3 Factors to Consider Before Investing
Investing in real estate can certainly be a lucrative investment, but only when done right! The flip side of that is that it can also turn out to be not only a financial nightmare but a huge burden emotionally when done wrong.
Before you even start thinking about investing, you need to do your homework. I don’t mean just looking at returns like most “investors” do. There is so much more than the $/sf, the cap rate today or even the purchase price and interest rate you’ll pay on the loan!
There are 3 main categories you must consider when analyzing real estate investments. Those are the:
- Financial Side
Let’s talk about some things you may have not considered immediately before purchasing your first investment.
- ZONING – Never purchase any investment property until you determine the zoning of your potential property and your neighbor’s property. Your property’s value is directly affected by the surrounding properties. When you check the zoning, be sure to check the surrounding properties as well.
- AREA APPRECIATION – Check to make sure that the area where you are considering purchasing has had a steady and consistent appreciation growth of at least 7% per year for the last 5 years on average. You do not want to buy in an area that has already peaked.
- POPULATION GROWTH – Is the area where you are considering purchasing an area where people are moving in? The easiest way to track this is to check population growth numbers. Where there is growth – there is opportunity.
- DO BABY BOOMERS WANT TO LIVE HERE? The country has an incredible number of baby boomers; therefore invest in an area where baby boomers want to live. Baby boomers want a lot of recreational possibilities as well as easy access to good health care facilities.
- OWNER OCCUPIED – Is the neighborhood where you are thinking of buying primarily owner occupied or tenant occupied? Homeowners, that live in their homes, invest more money to fix them up than do renters. Remember, your property’s value is also determined by its neighbors.
- NEIGHBORHOOD APPRECIATION – Before you buy in any neighborhood make sure you research the sales in that neighborhood for the past 5 years. Check to see how that neighborhood has appreciated.
- EMPLOYMENT STABILITY – Without question, one of the biggest factors that affect a local real estate market is the job market. You could be in the nicest recreational area in the world, but if there are no jobs, people leave because they have to find work. Check to make sure that employment in that area has been stable over time.
- PROPERTY MANAGERS – Make sure that there is a property management company that can manage the property in the area where you are choosing to purchase. Many investors have gone on real estate shopping sprees only to find that there is not a property management company available in that area. This poses a huge problem for the out of area investor.
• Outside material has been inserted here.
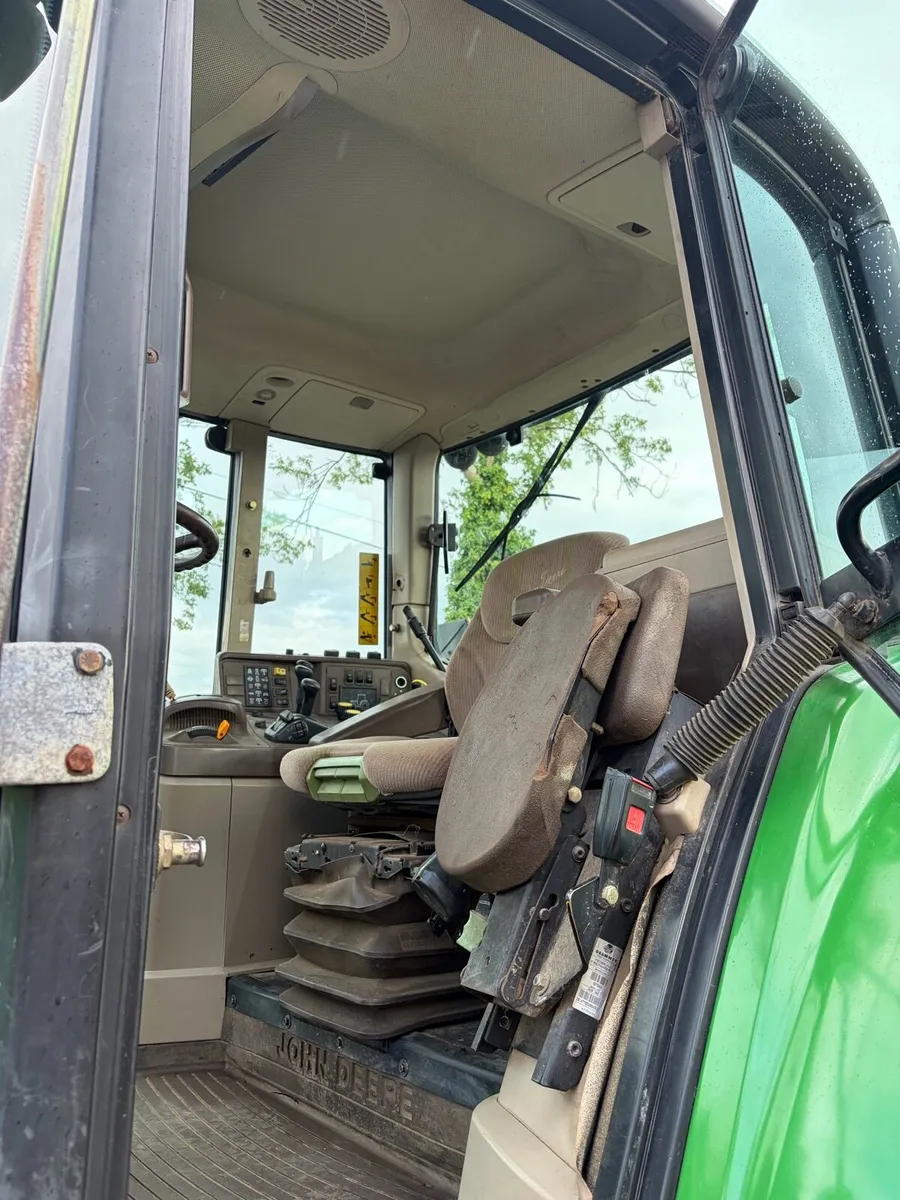John Deere 6920 - Image 4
- FLOORPLAN – Floorplan is more important that square footage. Of course it would be wonderful to find an investment that is both large in square footage and perfect in floorplan. However, this does not happen often. If you find a house that lacks a little in square footage but shines in floorplan, buy it. Renters look for properties by price and by bedrooms. They don’t search for square footage. Having the right numbers of bedrooms is more important than having the biggest bedrooms.
- YARD – Often times people come with children and with pets and both of these need room to roam. Many investors that I have consulted have shared their horror stories about not being able to rent out the big beautiful house with no yard. Big beautiful houses are filled with children and pets. Even a small yard will help keep your property occupied year round.
- INSPECTION/AGE OF THE HOUSE Never, ever, ever buy an investment property without having a thorough inspection of the house. Make sure the inspector gives you a good age range for the home and make sure you check the electrical wiring and plumbing thoroughly. Old pipes and wiring can be extremely expensive the replace. Make sure the mechanical side of your investment is not so old that you may be looking at a costly replacement in the near future.
- THE 10% RULE – One of the easiest ways to make money on your investment is to do a cosmetic makeover. A good rule of thumb is “The 10% rule”. This means that if you purchase a house for $150,000, take 10% of that or $15,000 and you should be able to do a nice cosmetic makeover within that budget. If, however, you have to spend a good portion of that money on the mechanical side, not the cosmetic side then you may want to look at another property.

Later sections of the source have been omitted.